Here's a summary of what's going on, which is a combination
of contributed info and further experiments we've done.
1) There is a problem. It is a big problem for applications with
lots of memory use.
2) The problem is only with PASCAL dynamic memory allocation
3) The problem goes away at 10.2
4) At least one of the patches on the November patch tape
significantly moves the point at which the problem
occurs for DN4500. Whichever patch it is, it doesn't
help DN3000 machines.
5) The workaround given by Adam Matusiak does solve the
problem (uses malloc in place of new) works.
BTW, Apollo has no plans to generate a patch even though
they have known about this for months. Their solution
is to load 10.2, which doesn't help those of us with
substantial quantities of third party software which
isn't supported under 10.2.
There should be a better way for Apollo to communicate
known bugs of this magnitude to users. Even if they can't
generate a patch, putting a note about this bug in the
patch tape release notes would help.
A mention in the 10.2 release notes would have been
nice as well.
Dave Erstad
Honeywell SSEC
DERSTAD@cim-vax.honeywell.comderstad@CIM-VAX.HONEYWELL.COM ("DAVE ERSTAD") (12/13/89)
One last note: To use Adam's workaround on an SR9 compile, change "c_param" to "val_param, d0_return". They are equivalent but the former is not supported at SR9. Of course, you only need to do this if you need code than runs at both SR9 and 10 (as we do).
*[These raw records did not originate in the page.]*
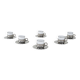Set of porcelain cups, Italian design, 1980s, production: Italy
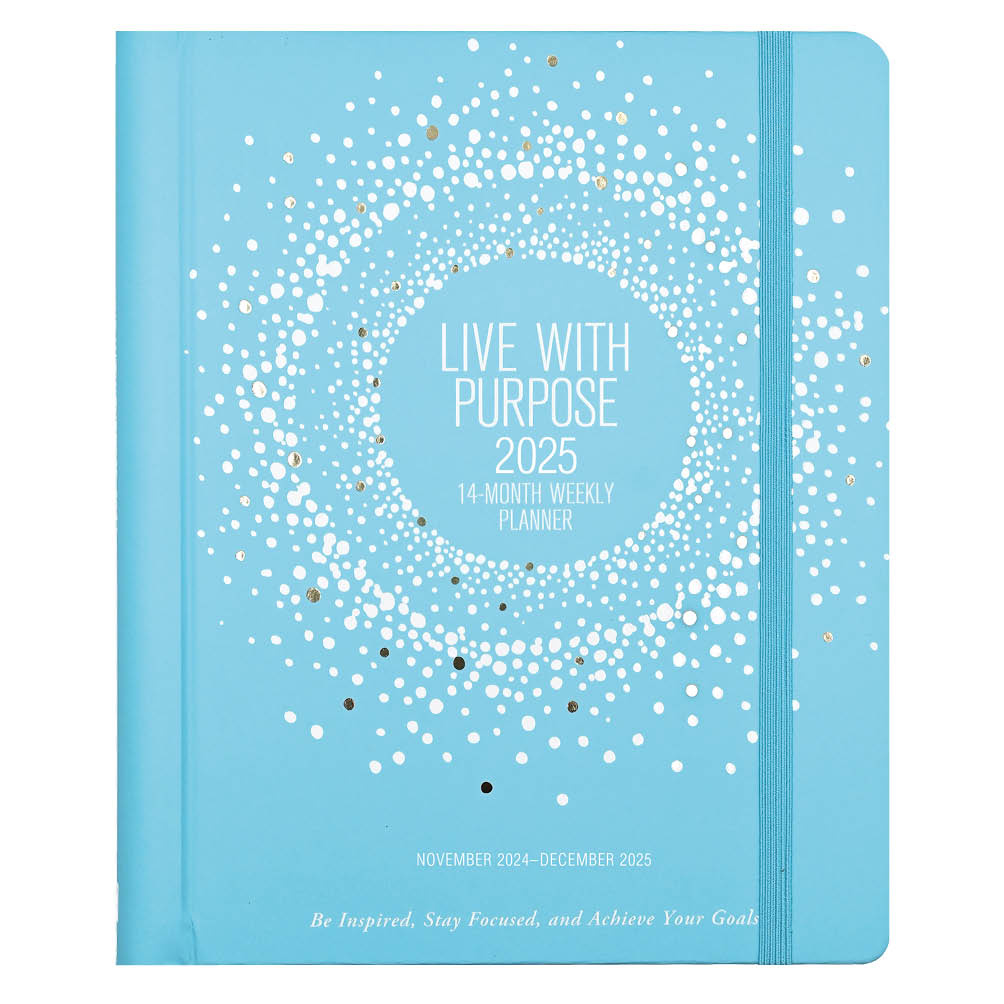 2025 Live with Purpose Planner (16 Months, Sept 2024 to Dec 2025)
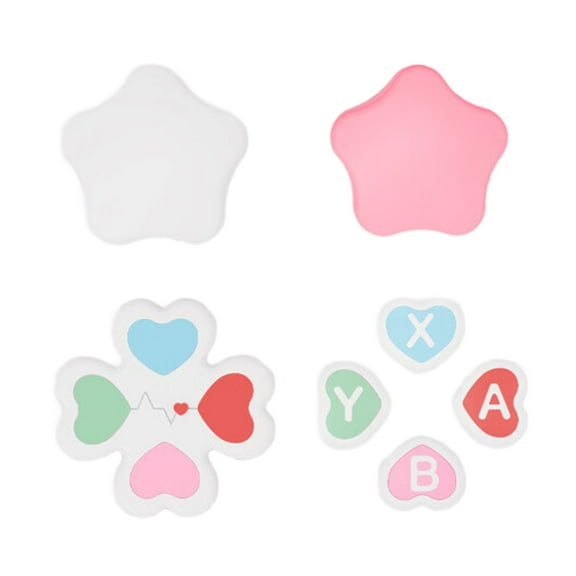 Soft Joystick Covers ABXY Key Sticker Skin D-pad Button Stickers Thumb Caps for Controller Gaming Accessories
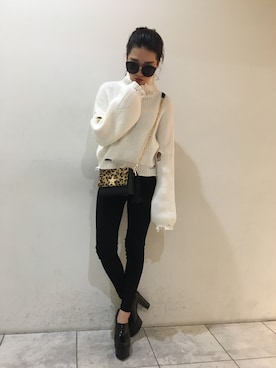 ENVYM_RIKAさん（レディース・161cm）の秋コーディネート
oj@apollo.HP.COM (Ellis Oliver Jones) (12/13/89)
In article <8912111825.AA06689@umix.cc.umich.edu> derstad@CIM-VAX.HONEYWELL.COM ("DAVE ERSTAD") writes: > >I found there is a patch on the November patch tape that sounds >suspiciously like this problem but only applies to SAU2, 3, and 5 >machines. I haven't gotten any word back from the Apollo >hotline yet. Hmm, either your definition of the term "November Patch Tape" is different from ours, or you have a strange tape. As far as I can tell, there wasn't a Prism November patch tape, and the Moto tape contained only patches related to the X Window System. /oj (speaking for myself, not necessarily for HP Apollo)
derstad@CIM-VAX.HONEYWELL.COM ("DAVE ERSTAD") (12/14/89)
> >I found there is a patch on the November patch tape that sounds > >suspiciously like this problem but only applies to SAU2, 3, and 5 > >machines. I haven't gotten any word back from the Apollo > >hotline yet. > > Hmm, either your definition of the term "November Patch Tape" is different > from ours, or you have a strange tape. As far as I can tell, there > wasn't a Prism November patch tape, and the Moto tape contained > only patches related to the X Window System. The patch tape had release notes labeled Patch_M68K_8911 Release Notes There were many non-X patches (over half, I'm sure). The bulk seemed to fix sau7/DN4500 problems. The patch in question was unrelated to the problem, however. Dave Erstad Honeywell SSEC DERSTAD@cim-vax.honeywell.com
oj@apollo.HP.COM (Ellis Oliver Jones) (12/19/89)
In article <8912141641.AA09668@umix.cc.umich.edu> Dave Erstad took issue with my posting: >> Hmm, either your definition of the term "November Patch Tape" is different >> from ours, or you have a strange tape. As far as I can tell, there >> wasn't a Prism November patch tape, and the Moto tape contained >> only patches related to the X Window System. Dave wrote: >There were many non-X patches (over half, I'm sure). The bulk seemed >to fix sau7/DN4500 problems. He's right. The patch tapes are cumulative, of course. I feel unnaturally possessive about the November tape because I prepared the only two NEW patches on it. Sorry for the wrong info. /Ollie Jones.